» **What you are asked to do**:
Reproduce exactly the lines below from the one containing "Witte leren sneaker" through the one containing "2011 VOLKSWAGEN JETTA BASE", including both, and nothing else.

» **Exercise inputs**:
== Segment start ==
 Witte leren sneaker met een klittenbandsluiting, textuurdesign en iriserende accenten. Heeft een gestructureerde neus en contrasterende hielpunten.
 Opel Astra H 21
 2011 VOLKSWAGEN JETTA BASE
== Segment end ==
== Segment start ==
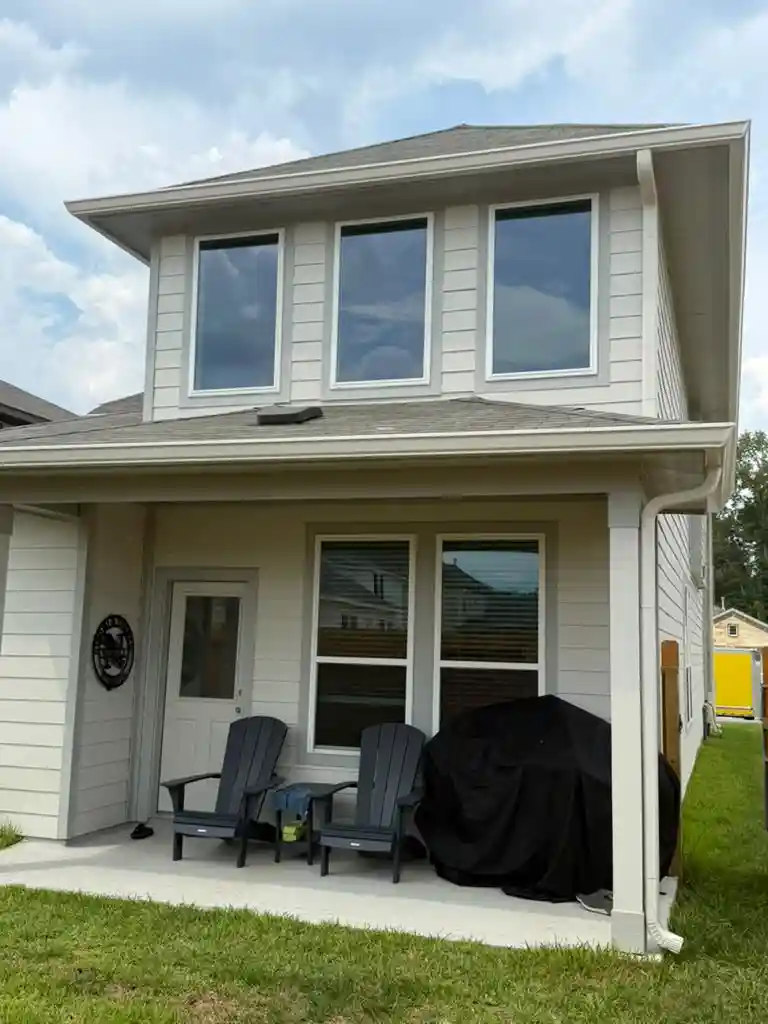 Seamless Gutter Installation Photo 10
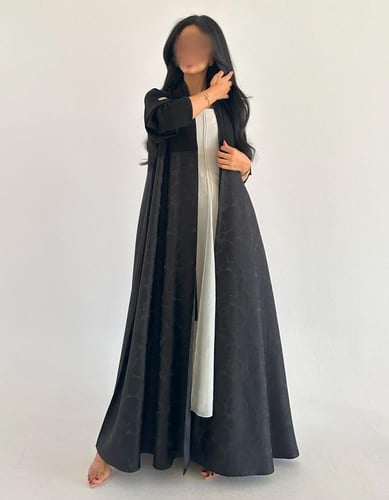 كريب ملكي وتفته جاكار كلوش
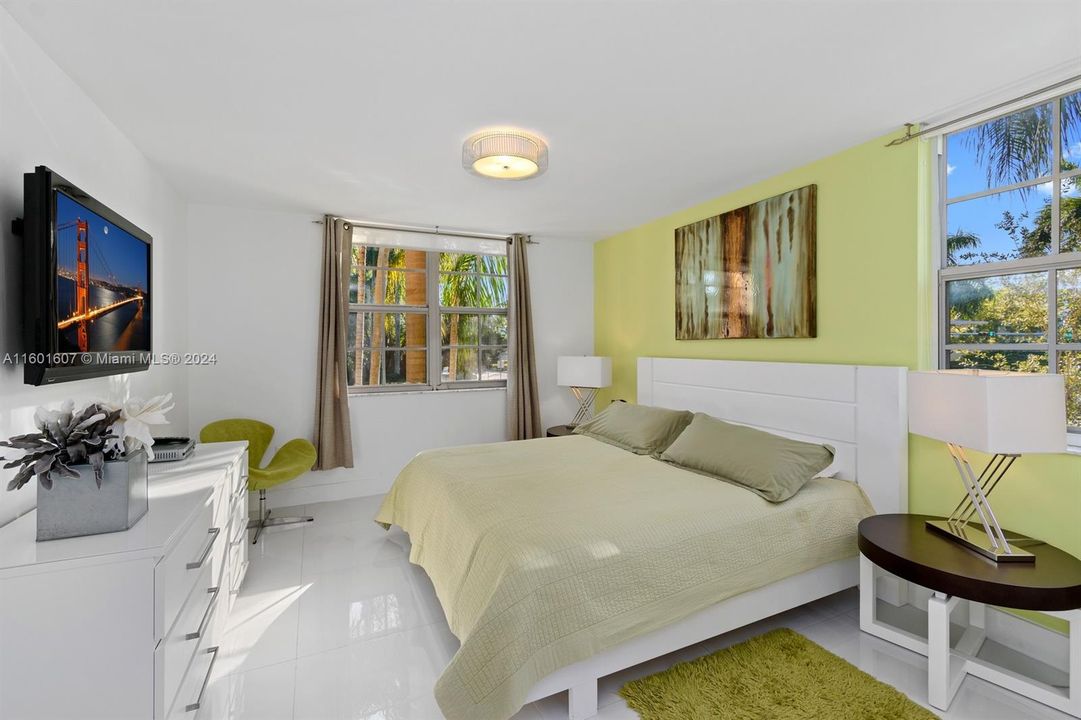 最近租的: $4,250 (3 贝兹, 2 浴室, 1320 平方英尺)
== Segment end ==
» **Response area**:
 Witte leren sneaker met een klittenbandsluiting, textuurdesign en iriserende accenten. Heeft een gestructureerde neus en contrasterende hielpunten.
 Opel Astra H 21
 2011 VOLKSWAGEN JETTA BASE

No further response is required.